Challenges of ML in Industrial Laser Welding
ML in laser welding faces three hard problems: data availability and quality across different machines and materials, model generalisation and compute cost, and the real-time inference constraints imposed by the welding process itself.
Applying ML to laser welding in a production environment is not straightforward. The challenges fall into three categories: data, model, and system integration.
Data Availability and Quality
Labelled training data in welding is expensive to generate. Producing a defective weld for labelling purposes requires controlled degradation of an otherwise functional process.

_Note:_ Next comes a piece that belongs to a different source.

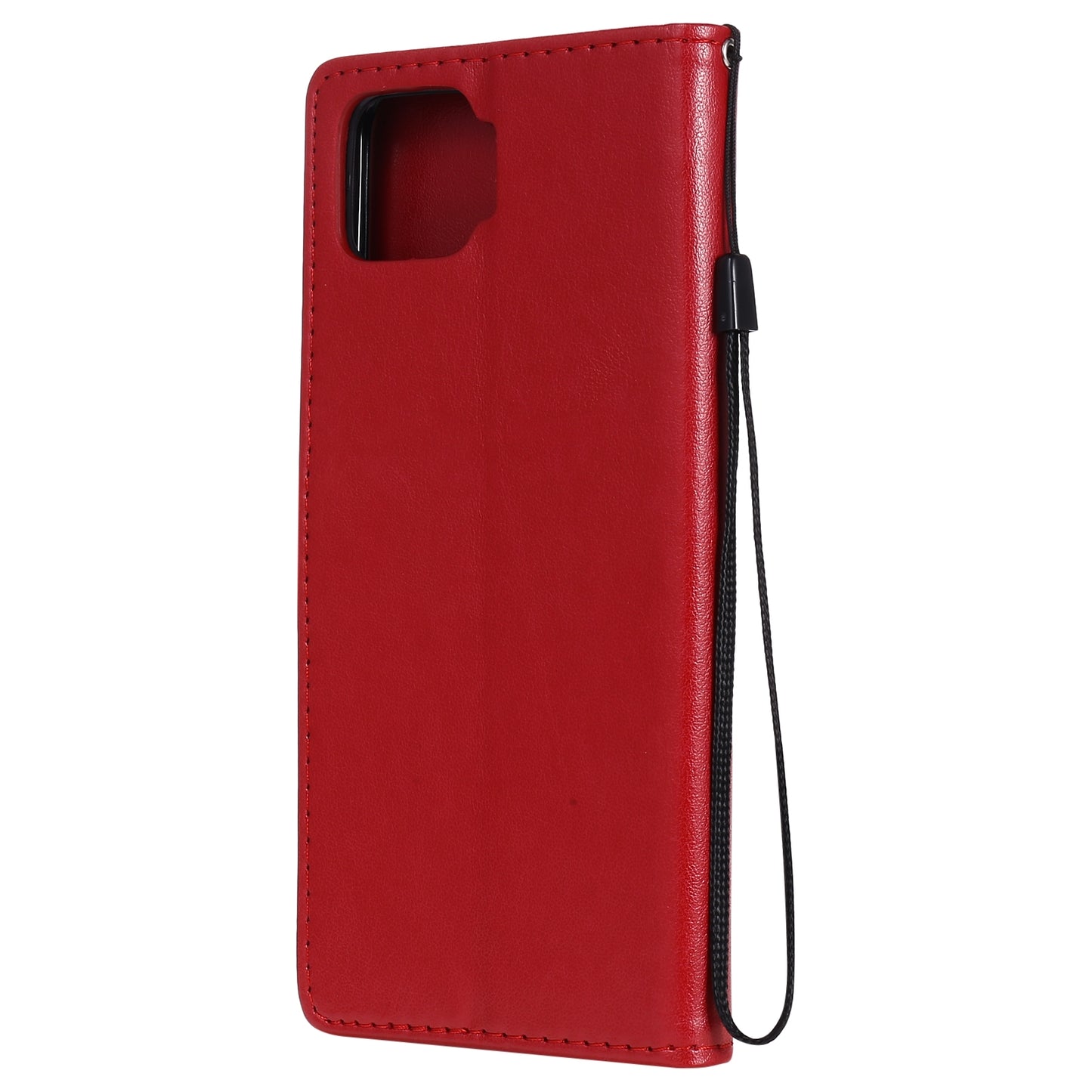For OPPO F17 Cat and Bee Embossed Flip Leather Phone Case Wallet Cover with Card Slots Cash Pocket Magnetic Stand Protective Shockproof TPU PU Leather Case with Wrist Strap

Destructive testing (cutting the weld open to verify penetration depth or porosity) is the only way to confirm ground truth for some quality measures.
The problem compounds across variation sources:
- Different machines: the same nominal process on two different welding systems produces different sensor signals due to hardware variation
- Different materials: aluminium and stainless steel have different thermal conductivity, reflectivity, and melting points, which changes the relationship between process parameters and weld quality entirely
- Different sensors: a model trained on data from one sensor configuration may not transfer to a different sensor setup
This is why domain adaptation and transfer learning are active research topics in this area: the goal is to reduce the labelled data requirement when moving to a new machine, material, or sensor setup.
Model Generalisation and Compute
ML models trained on data from one welding configuration tend not to generalise to others. A model that predicts defect likelihood for aluminium butt welds on machine A will perform poorly on stainless steel lap welds on machine B, even if the process parameters overlap.
Deep learning models that handle image and time-series data require significant compute for both training and inference. In a production setting, training time is manageable offline, but inference must happen fast enough to be useful.
Real-Time Inference and System Integration
Laser welding processes range from milliseconds (pulsed micro-welding in electronics) to minutes (thick plate structural welds). For online control applications, the ML inference must complete within the timescale of the process.
This creates two practical constraints:
- Hardware limitations: edge inference hardware must be fast enough, low-latency enough, and reliable enough for an industrial environment
- PLC integration: the ML output must interface with the Programmable Logic Controllers that actually drive the welding equipment. PLCs operate on deterministic real-time operating systems with strict timing requirements. Feeding ML predictions into a PLC control loop requires careful integration and latency guarantees that are not native to most ML frameworks
These integration challenges are often the bottleneck between a working research prototype and a deployed production system.